6.遺品整理は「喪が明ける」のを待つべき?
今までご説明してきたように、遺品整理にあたって、相続、家の維持管理費、不動産のその後などについて検討しつつ決めていく必要があります。
では、これらを決めた後に、実際いつから遺品整理をしてよいのでしょうか?
宗教の観点から見たときに、はっきりとした決まりがあるわけではありませんが一般的には喪が明ければ遺品整理をしても問題ないとされています。
喪の期間は、仏教四十九日、神道五十日祭です。
ただし、喪の期間でも遺品整理をしても大丈夫だと考えることもできます。
元々、喪に服す意味は、神道の「死は穢れ(けがれ)である」が由来です。
身近な人が亡くなった人には穢れがついていると考え、「人に穢れを広めないように」と行動を慎むようになったのです。

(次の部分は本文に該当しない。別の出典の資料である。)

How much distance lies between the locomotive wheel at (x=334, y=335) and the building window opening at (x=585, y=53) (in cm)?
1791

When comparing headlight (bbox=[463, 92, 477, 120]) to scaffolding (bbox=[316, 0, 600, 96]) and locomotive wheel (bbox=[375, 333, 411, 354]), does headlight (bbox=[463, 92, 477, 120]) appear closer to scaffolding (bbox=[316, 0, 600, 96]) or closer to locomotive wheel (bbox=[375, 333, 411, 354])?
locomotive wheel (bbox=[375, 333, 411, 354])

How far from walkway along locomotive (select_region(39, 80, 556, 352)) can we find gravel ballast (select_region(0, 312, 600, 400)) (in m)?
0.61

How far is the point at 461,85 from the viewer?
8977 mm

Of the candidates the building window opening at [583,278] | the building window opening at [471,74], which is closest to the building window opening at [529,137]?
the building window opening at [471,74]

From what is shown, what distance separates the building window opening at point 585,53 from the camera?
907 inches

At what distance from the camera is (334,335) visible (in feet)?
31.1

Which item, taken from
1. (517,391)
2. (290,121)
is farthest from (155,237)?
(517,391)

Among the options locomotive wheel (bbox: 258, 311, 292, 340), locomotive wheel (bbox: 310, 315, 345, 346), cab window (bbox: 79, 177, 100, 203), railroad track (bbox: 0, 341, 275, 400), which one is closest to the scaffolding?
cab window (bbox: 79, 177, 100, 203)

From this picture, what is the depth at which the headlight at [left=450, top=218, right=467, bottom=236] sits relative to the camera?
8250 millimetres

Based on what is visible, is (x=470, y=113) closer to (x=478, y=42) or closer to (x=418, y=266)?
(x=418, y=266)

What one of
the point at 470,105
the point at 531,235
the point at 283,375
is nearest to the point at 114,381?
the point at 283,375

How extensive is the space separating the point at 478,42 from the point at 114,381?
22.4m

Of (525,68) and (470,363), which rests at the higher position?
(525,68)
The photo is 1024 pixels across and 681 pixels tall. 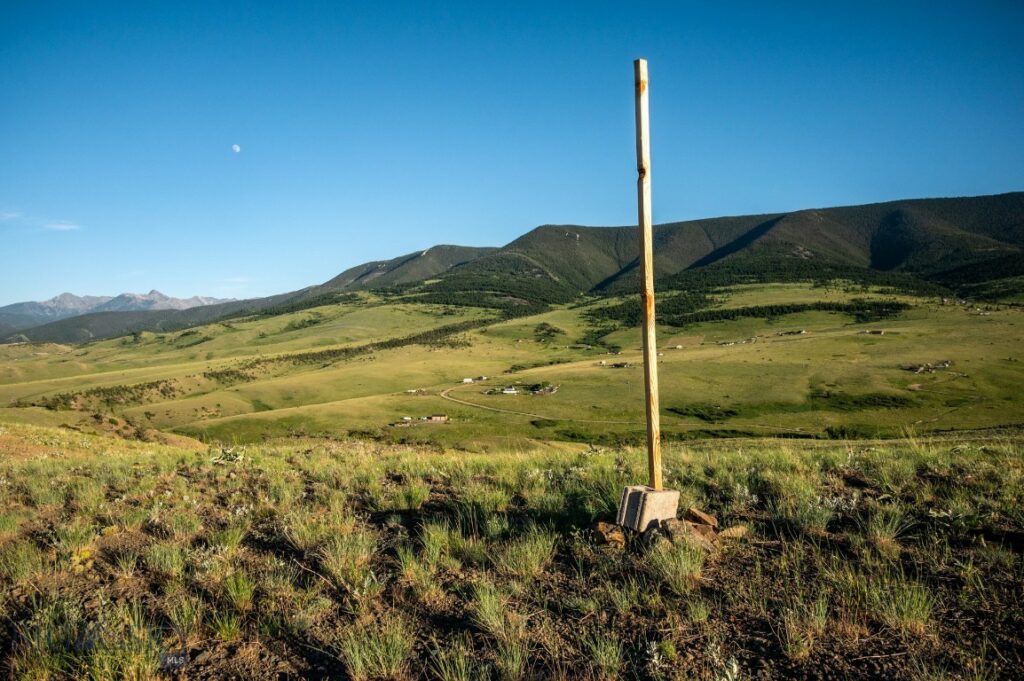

昔は、喪中には喪服を着て、お酒や肉を絶っていました。
現在はそこまでしませんが、年賀状やお中元、結婚式などの派手なことやお祝い事を避けるのが一般的とされています。
しかし遺品整理は祝い事ではありません。
なので、避けなくても問題はないとも解釈できるのです。
故人宅から離れた場所に住んでいたり、賃貸の家賃を支払うのが難しかったり、人それぞれ事情があり、早く対応しなければいけないこともあるでしょう。
そのため、葬儀の帰省期間(忌引き期間中)に遺品整理まで済ませる場合もあります。
ただし、近親者の中に「喪が明けない内に片付けるなんて薄情だ」と考える人がいる場合もあるので、宗教的な解釈だけでなく周囲の感情面にも考慮しなければならないのが遺品整理の難しいところです。
後々のトラブルを考えると、近親者の考えも汲んで日程を決めた方がいいかもしれません。
まとめ・喪の期間は仏教四十九日、神道五十日祭。一般的には喪が明ければ遺品整理をしても問題ない。
・そもそも喪の期間は祝い事を慎むもの。そのため遺品整理をしても問題ないとの解釈もできる。
・葬儀の帰省期間(忌引き期間中)に遺品整理まで済ませる場合も。
・近親者で「喪が明けない内に片付けるなんて薄情だ!」と考える人もいるので、考慮する必要がある。
7.遺品整理の所要時間~データで見る遺品整理~
さて、実際に遺品整理に取り掛かることになったとき、考慮すべきはどれだけ時間がかかるかです。
遺品整理の所要時間は、残された家財の量が大きく関係してきます。
そして、家財の量は家の大きさ(床面積)で変わってきます。
整理のゴダイが2014年~2019年に行った420件の遺品整理実績を元に、平均をまとめました。
また、片付けを親族のみで行った場合と、業者に依頼した場合の所要日数、費用の目安も記載しています。
遺品整理をする上での参考にしてみてください。
※東京と地方で片付け目安金額が違う主な理由は「ごみ処分費の違い」です。
※都会データは関東・中部・関西で活動する遺品整理業者へ確認
【補足】 東京と地方のごみ処分費の違い
家の中の家財道具は「一般廃棄物」として処分します。
そして、その処分費用は自治体ごとに大きく異なります。
東京が高く、地方が安い傾向にありますが、金額は自治体によるので該当地域の「一般廃棄物」処分費用を確認しておくことをおすすめします。
都市部 | 地方 | ||
東京23区 | 15.5円 | 青森市 | 10円 |
府中市 | 42円 | 広島市 | 7円 |
三鷹市 | 35円 | 高知市 | 7円 |
大阪市 | 27円 | 福岡市 | 14円 |
吹田市 | 10.5円 | 鹿児島市 | 7円 |
■ 3,000kgを処分で持ち込んだ場合
府中市 42円×3,000kg=126,000円
広島市 7円×3,000kg=21,000円
差額 105,000円
遺品整理はやみくもに作業を始めるのではなく、まず費用・時間・作業人数を確認する必要があります。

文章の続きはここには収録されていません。